In short, we wanted to see whether AI Overviews stick with official company sites and blogs when users don’t ask for reviews, or if large review platforms still find their way into the answers anyway.

A little spoiler: “best” and “top” searches (like “best project management tools”) might sound like perfect use cases for review platforms, but in reality, AI Overviews usually look elsewhere for such cases (mainly review blogs, media sites, and ranking-style aggregators).

which queries trigger ai overviews with review platforms

Explicit “review” searches 

No surprises here. When a user explicitly includes words like “review,” “reviews,” or “rating”, AI Overviews are most likely to include some review platform as a source of content.

  • 49% of these AIOs include review platforms
  • Review platforms make up 16% of all cited sources
  • Each AIO includes 3.17 review platform links on average

It’s a classic case of “ask and you shall receive.” If the user signals that they want reviews, AI leans heavily on sites built to provide exactly that.

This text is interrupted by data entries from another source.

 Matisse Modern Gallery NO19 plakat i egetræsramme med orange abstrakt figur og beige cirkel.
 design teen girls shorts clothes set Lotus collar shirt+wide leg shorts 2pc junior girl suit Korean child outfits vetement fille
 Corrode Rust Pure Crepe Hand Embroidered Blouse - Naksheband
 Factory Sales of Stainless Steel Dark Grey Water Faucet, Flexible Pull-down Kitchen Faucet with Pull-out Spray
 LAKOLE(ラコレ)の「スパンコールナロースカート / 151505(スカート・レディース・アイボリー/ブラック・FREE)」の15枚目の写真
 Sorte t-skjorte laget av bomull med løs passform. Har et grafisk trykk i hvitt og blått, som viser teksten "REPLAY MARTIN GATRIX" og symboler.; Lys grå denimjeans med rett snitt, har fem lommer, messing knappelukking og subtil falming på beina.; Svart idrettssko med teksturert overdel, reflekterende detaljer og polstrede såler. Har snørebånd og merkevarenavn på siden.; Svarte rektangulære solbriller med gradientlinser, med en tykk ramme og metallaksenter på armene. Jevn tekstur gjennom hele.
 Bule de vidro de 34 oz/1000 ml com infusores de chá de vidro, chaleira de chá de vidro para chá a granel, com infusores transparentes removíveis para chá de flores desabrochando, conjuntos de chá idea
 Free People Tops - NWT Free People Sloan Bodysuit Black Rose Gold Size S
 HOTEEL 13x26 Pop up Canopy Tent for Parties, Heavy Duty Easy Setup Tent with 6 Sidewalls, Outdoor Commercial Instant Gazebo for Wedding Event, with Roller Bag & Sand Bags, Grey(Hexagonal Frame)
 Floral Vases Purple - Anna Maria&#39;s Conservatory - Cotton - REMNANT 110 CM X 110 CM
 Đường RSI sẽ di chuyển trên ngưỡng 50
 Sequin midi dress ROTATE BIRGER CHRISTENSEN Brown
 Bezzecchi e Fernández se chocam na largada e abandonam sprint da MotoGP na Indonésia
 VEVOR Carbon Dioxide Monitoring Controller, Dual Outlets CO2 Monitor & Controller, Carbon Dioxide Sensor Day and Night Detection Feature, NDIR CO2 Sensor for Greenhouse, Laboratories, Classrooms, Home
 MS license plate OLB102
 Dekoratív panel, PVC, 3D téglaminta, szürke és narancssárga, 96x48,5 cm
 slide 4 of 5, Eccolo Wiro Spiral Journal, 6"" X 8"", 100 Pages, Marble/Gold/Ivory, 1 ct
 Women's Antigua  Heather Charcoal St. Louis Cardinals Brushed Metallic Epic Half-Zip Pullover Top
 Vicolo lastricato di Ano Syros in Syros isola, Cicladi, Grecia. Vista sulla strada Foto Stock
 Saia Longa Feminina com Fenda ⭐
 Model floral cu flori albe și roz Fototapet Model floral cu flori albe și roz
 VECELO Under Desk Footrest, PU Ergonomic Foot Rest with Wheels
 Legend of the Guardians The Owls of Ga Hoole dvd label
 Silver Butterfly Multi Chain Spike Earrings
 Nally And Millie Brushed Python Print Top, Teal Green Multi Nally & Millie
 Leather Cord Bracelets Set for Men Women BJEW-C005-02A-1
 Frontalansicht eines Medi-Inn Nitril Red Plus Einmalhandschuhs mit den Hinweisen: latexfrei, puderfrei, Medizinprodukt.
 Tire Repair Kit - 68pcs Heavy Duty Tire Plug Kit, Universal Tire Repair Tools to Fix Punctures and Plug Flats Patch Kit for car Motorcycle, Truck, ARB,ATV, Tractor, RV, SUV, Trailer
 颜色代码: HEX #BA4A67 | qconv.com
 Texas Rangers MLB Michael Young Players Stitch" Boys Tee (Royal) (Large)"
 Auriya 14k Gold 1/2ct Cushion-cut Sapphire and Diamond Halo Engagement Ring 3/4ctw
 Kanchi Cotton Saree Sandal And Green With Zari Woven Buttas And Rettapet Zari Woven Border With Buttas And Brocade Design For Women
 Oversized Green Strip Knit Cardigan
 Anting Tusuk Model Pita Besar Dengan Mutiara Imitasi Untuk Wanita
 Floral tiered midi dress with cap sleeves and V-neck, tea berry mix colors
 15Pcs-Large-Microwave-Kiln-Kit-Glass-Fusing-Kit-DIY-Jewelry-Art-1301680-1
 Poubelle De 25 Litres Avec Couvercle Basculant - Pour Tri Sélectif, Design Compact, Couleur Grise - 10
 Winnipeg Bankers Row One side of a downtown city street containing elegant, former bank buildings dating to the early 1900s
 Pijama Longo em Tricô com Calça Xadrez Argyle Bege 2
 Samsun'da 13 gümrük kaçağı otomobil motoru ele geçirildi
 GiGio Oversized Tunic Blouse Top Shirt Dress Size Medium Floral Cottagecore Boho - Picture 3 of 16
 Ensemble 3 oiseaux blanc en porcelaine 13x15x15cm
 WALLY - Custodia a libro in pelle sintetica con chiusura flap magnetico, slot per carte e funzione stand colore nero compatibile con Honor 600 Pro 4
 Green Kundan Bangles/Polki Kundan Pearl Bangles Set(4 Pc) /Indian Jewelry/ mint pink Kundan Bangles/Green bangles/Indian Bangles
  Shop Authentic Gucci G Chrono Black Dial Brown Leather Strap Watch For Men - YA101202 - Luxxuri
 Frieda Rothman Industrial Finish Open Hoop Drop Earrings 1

General “software” and “tools” searches 

Still, even without explicit review intent, review platforms still appear surprisingly often for queries including words like “software” or “tools” (e.g., “email marketing software,” “project management tools,” “CRM software for small businesses”):

  • 39.4% of AIOs still reference review platforms
  • Review platforms account for 5.7% of sources

This is probably because these platforms provide structured info like pricing, features, and pros/cons (all things Google’s AI can summarize efficiently).

“Best” and “top” searches

For queries like “best project management tools”, you’d think review platforms would dominate. But no:

  • Only 17.1% of AIOs include review platforms
  • Review platforms account for just 2.7% of sources

Instead, AI prefers blogs and ranking-style content. This was a surprising insight. And it shows that “best of” content has its own kind of authority in AI systems.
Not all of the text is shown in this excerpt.